Copy the lines below, please, starting with the one that contains "Lemon Demon" and ending with the last. Pictures stay out.

*Dataset excerpt*:
+-------+

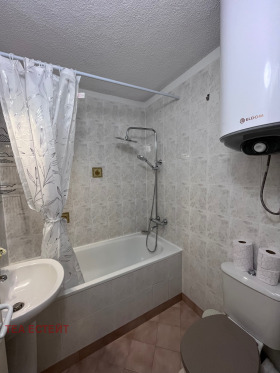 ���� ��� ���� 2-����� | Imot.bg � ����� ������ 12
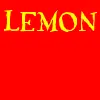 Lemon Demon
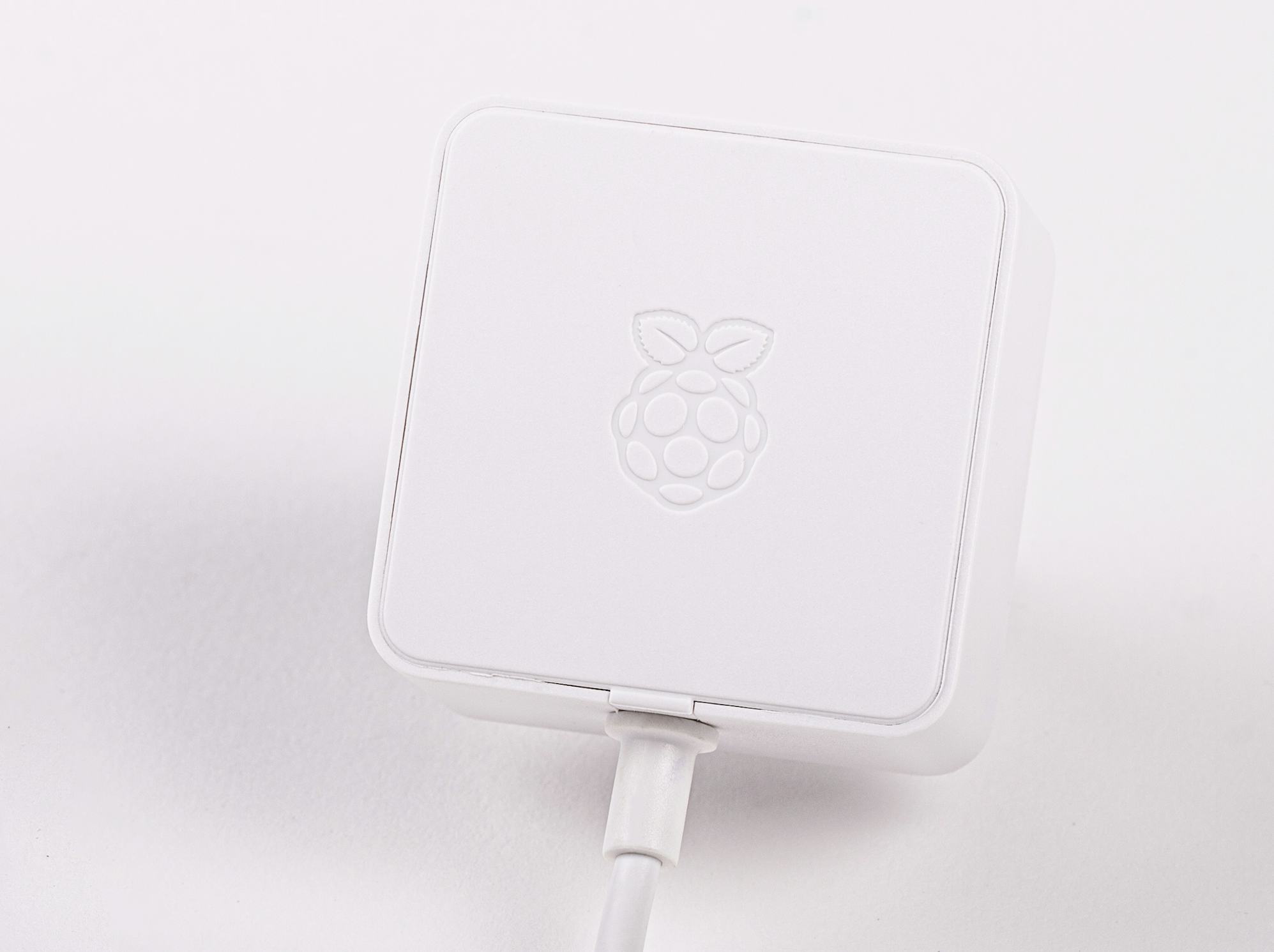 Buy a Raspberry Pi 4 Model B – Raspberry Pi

+-------+

*The answer*:
 Lemon Demon
 Buy a Raspberry Pi 4 Model B – Raspberry Pi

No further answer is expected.